The morning sun woke us up.

Fast-moving shadows refracted across the cabin, bending with the motion of the train.  Golden sun and shadows.  Golden sun and shadows.

I moved gingerly from the passage to the shower.  Terrence was already up.  He lay on his bunk, staring at the dull beige roof of the compartment.  Jean brushed past me with his shower-kit as I made my way back to my seat.  The train was drawing closer to Cape Town.  The Cape Town you see in magazines.  Table Mountain and dark blue seas.  Approaching the city renewed the atmosphere of expectation in our compartment.  Of our own little world.

‘I don’t know if I should really be studying law’, I said.  Jean asked, ‘Why?’  ‘Well’, I responded, ‘I am only doing it because I don’t know what else to do.  I am good at languages and History’.  ‘I’m studying Acc Sci to make money’, said Jean.  We both laughed.  ‘What is Acc Sci?’, I asked.  ‘Actuary Science’, said Jean.  ‘Actually, I got an A for maths in matric.  I am going to study business science, with a major in stats’.  ‘What would you like to do?’, asked Jean.  ‘I’d like to be a writer’.

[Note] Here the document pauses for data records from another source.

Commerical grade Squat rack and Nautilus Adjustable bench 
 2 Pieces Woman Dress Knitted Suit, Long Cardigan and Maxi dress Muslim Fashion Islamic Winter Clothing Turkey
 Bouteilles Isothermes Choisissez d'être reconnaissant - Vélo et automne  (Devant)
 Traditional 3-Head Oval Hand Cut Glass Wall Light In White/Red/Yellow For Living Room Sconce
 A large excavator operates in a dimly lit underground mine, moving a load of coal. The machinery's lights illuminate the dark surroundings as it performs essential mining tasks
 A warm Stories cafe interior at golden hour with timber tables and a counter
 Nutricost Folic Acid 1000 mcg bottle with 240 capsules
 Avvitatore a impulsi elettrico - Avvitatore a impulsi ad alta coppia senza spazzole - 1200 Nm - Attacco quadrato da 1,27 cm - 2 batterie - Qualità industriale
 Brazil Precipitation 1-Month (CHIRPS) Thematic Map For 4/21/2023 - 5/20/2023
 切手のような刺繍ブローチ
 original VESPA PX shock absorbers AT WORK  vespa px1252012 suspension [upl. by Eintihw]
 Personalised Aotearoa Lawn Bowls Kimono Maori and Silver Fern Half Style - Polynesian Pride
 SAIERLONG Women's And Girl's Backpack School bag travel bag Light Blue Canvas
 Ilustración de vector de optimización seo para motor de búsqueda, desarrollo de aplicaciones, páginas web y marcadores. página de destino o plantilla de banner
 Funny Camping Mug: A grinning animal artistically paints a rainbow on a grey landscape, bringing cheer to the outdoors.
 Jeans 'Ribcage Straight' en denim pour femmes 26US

Terrence broke his silence,  ‘The train is getting close.  I wonder if they’re going to block off the station’.  ‘I never thought about that’, said Mike.  ‘They are freeing Mandela today’.  I had heard something about Mandela’s release – but nothing specific.  I acted as though I knew.  ‘It’s going to be packed out’, said Mike.  The magnitude of the day’s events lent a special, dreamlike quality to our arrival.

Jean and Mike started to pack their loose things into their togbags.  Terrence’s bags lay packed under the seat and I’d throw my things into my handluggage when we got in.